Information shown »
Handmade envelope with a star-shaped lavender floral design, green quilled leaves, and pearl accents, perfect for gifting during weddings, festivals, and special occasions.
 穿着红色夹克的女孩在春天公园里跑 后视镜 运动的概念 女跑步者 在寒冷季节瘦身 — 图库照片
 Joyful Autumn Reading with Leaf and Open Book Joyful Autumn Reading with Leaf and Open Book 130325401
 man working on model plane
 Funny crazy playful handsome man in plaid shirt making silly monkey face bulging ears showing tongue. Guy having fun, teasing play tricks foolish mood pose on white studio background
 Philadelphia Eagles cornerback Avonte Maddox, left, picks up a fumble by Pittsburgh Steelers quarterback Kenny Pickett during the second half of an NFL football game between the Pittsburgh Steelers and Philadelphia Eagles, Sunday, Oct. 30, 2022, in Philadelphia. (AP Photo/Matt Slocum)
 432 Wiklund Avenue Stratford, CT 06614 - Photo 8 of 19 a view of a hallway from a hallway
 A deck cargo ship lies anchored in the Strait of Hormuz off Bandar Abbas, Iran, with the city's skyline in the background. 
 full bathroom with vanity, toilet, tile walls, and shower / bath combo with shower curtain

Work instruction » Reproduce all entries exactly, leaving each one whole.

Result of this task »
Handmade envelope with a star-shaped lavender floral design, green quilled leaves, and pearl accents, perfect for gifting during weddings, festivals, and special occasions.
 穿着红色夹克的女孩在春天公园里跑 后视镜 运动的概念 女跑步者 在寒冷季节瘦身 — 图库照片
 Joyful Autumn Reading with Leaf and Open Book Joyful Autumn Reading with Leaf and Open Book 130325401
 man working on model plane
 Funny crazy playful handsome man in plaid shirt making silly monkey face bulging ears showing tongue. Guy having fun, teasing play tricks foolish mood pose on white studio background
 Philadelphia Eagles cornerback Avonte Maddox, left, picks up a fumble by Pittsburgh Steelers quarterback Kenny Pickett during the second half of an NFL football game between the Pittsburgh Steelers and Philadelphia Eagles, Sunday, Oct. 30, 2022, in Philadelphia. (AP Photo/Matt Slocum)
 432 Wiklund Avenue Stratford, CT 06614 - Photo 8 of 19 a view of a hallway from a hallway
 A deck cargo ship lies anchored in the Strait of Hormuz off Bandar Abbas, Iran, with the city's skyline in the background. 
 full bathroom with vanity, toilet, tile walls, and shower / bath combo with shower curtain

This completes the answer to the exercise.